About this task: Drop the pictures, then extract the listing word for word.

(Beginning of Data excerpt)

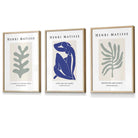 Set of 3 Framed Wall Art Prints Matisse Botanical Shapes with Nude in Green & Blue | Artze Wall Art UK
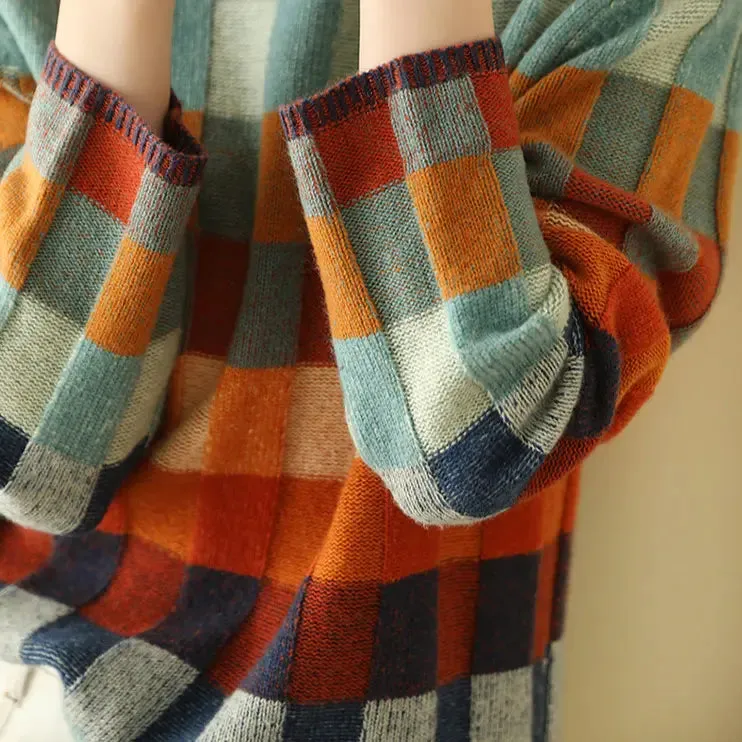 Adalynn | Colorful Cashmere Turtleneck Sweater with Elegant Patchwork Design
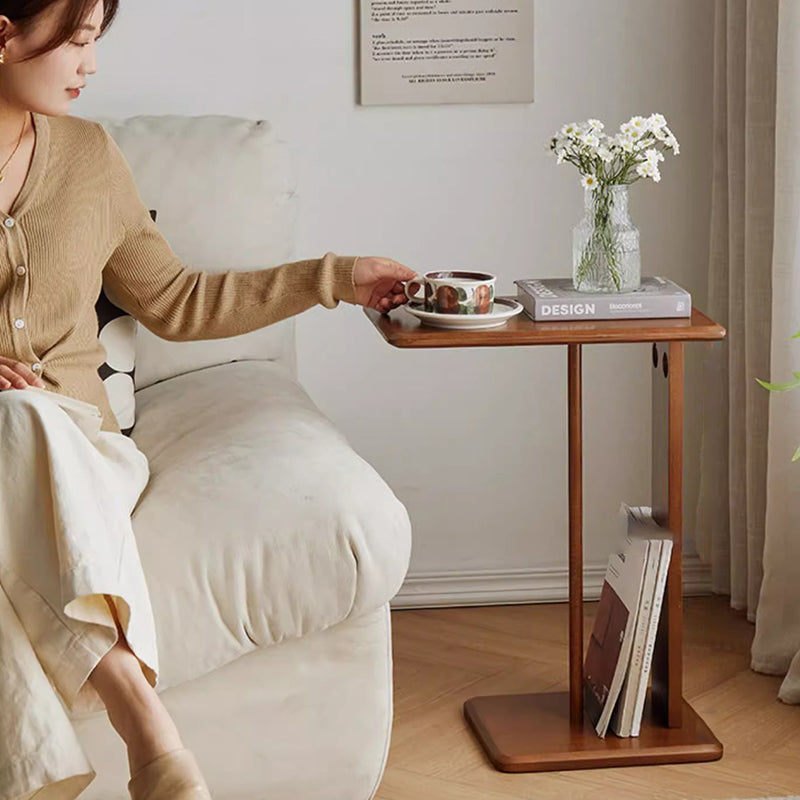 Modern Minimalist Rectangular Solid Wood Side Table 1-Tier For Living Room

(End of Data excerpt)

Answer to the problem:
 Set of 3 Framed Wall Art Prints Matisse Botanical Shapes with Nude in Green & Blue | Artze Wall Art UK
 Adalynn | Colorful Cashmere Turtleneck Sweater with Elegant Patchwork Design
 Modern Minimalist Rectangular Solid Wood Side Table 1-Tier For Living Room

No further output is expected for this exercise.